The Odyssey/Official Trailer 2026
- The Odyssey (in theatres July 17, 2026)
- Christopher Nolan is tackling The Odyssey, which means one of the oldest “getting home” stories ever told is about to get the full IMAX-scale, big-sound, big-feelings treatment.
- Why it hits: This is the original return-from-war narrative, minus the uniforms and plus the gods. It’s about endurance, identity, and what happens when the person who leaves isn’t the same person who comes back, while home keeps moving in your absence.
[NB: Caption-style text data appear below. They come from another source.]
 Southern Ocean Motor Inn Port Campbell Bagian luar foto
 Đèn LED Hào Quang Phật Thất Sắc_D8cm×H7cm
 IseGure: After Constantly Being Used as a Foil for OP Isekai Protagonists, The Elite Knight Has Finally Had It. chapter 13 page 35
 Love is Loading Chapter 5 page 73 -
If you’ve ever felt that weird gap between “I’m back” and “I’m back,” this one speaks the language.
- Practical Magic 2 (in theaters Sept. 18, 2026)
- Warner Bros. set the sequel for Sept. 18, 2026.
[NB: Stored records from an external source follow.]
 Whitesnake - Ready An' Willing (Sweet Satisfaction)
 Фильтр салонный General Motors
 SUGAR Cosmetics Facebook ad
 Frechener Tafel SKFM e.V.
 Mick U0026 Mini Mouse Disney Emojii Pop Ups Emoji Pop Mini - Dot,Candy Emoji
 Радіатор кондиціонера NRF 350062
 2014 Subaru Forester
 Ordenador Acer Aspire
- Why it hits: Military families run on community, especially when schedules get weird, and support systems matter more than pride. The Practical Magic vibe, chosen-family plus inherited burdens, is surprisingly adjacent to the “we take care of our own” reality many service members lean on.
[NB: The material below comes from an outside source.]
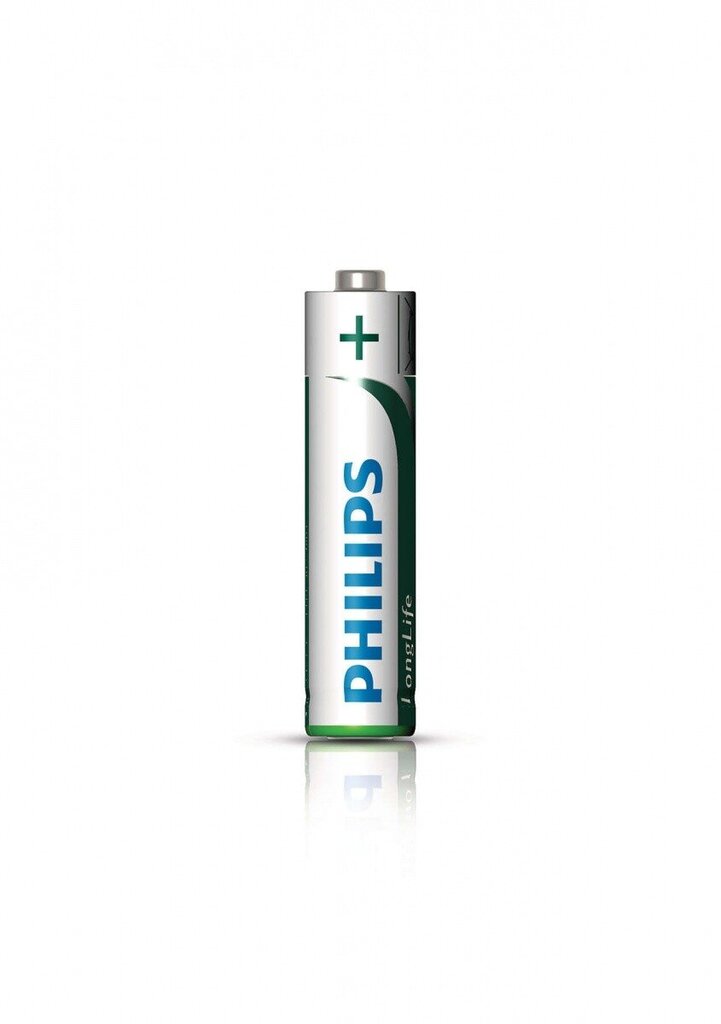 Philips Phil-R03L4F/10 hind ja info | Patareid | kaup24.ee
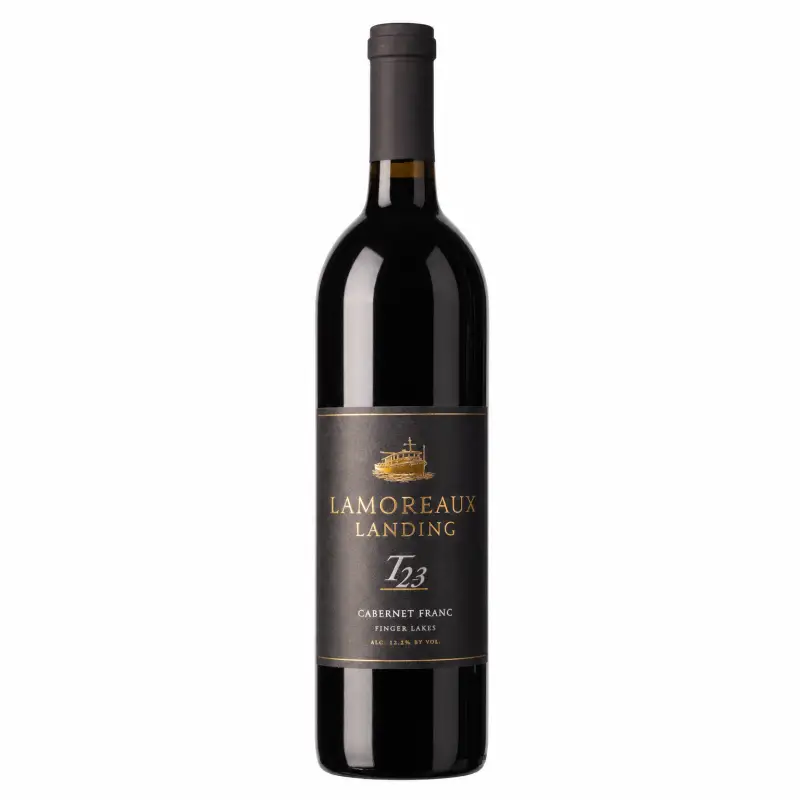 Lamoreaux Landing T23 Cabernet Franc 750ml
- Remain (listed for Oct. 23, 2026)
- This Nicholas Sparks and M. Night Shyamalan collaboration is positioned as a supernatural romantic thriller, with industry listings placing it on Oct. 23, 2026.
- Why it hits: Shyamalan's stories tend to be about perception and loss. Combine that with Sparks-style devotion, and you’ve got something that could land with anyone who’s felt the weird overlap between love and dread, especially after major life change.
Fantasy, Myth, and Childhood Whimsy
- A Knight of the Seven Kingdoms (HBO, Jan. 18, 2026)
- HBO’s six-episode adaptation premieres Jan. 18, 2026.
- Why it hits: It’s built around a knight and his squire, which is basically leadership training with swords. Competence, mentorship, reputation, and the tension between the code and the messy real world. If you’ve ever had a mentor who taught you the job while also teaching you how to survive the culture, this one’s for you.
- Narnia: The Magician’s Nephew (theatrical Nov. 26, 2026)
- Greta Gerwig’s Narnia film is scheduled for a Thanksgiving weekend theatrical release on Nov. 26, 2026.
- Why it hits: Origin stories are about first steps into the unknown, and Magician’s Nephew is literally that: new worlds, moral choices, and consequences that echo. It’s “adventure” on paper, but it’s also about how one decision can change the mission for everyone who comes after.
The Fun Scheduling Note:
- Feb. 13, 2026 is a choose-your-own-mission weekend: heist thriller (Crime 101), base-leak horror (Cold Storage), and gothic romance (Wuthering Heights). Pick your flavor of stress.
On Deck: Announced Book-to-Screen Adaptations for 2027+ (or Date TBD)
2027 (locked date)
- Children of Blood and Bone (Tomi Adeyemi) - Paramount, currently dated for Jan. 15, 2027.
Release date TBD (still announced and in motion)
- Carrie (Stephen King) - Prime Video limited series from Mike Flanagan (series order announced; date not set yet).
- Beautiful Ugly (Alice Feeney) - Hidden Pictures has the rights for a film adaptation (no release date announced).
- Remarkably Bright Creatures (Shelby Van Pelt) - Netflix film (Netflix has shared production updates; release date not announced).
- The Love Hypothesis (Ali Hazelwood) - film in the works at Amazon MGM Studios/MRC starring Lili Reinhart (no release date announced).
- None of This Is True (Lisa Jewell) - Netflix film in development with Eleanor Burgess writing the script (no release date announced).
- Then She Was Gone (Lisa Jewell) - feature adaptation announced (no release date announced).
- The Whisper Man (Alex North) - Netflix feature adaptation with Robert De Niro attached (no release date announced).
- More Emily Henry in the Pipeline - Beach Read, Book Lovers, Happy Place, and Funny Story are all officially in development, with dates still TBD.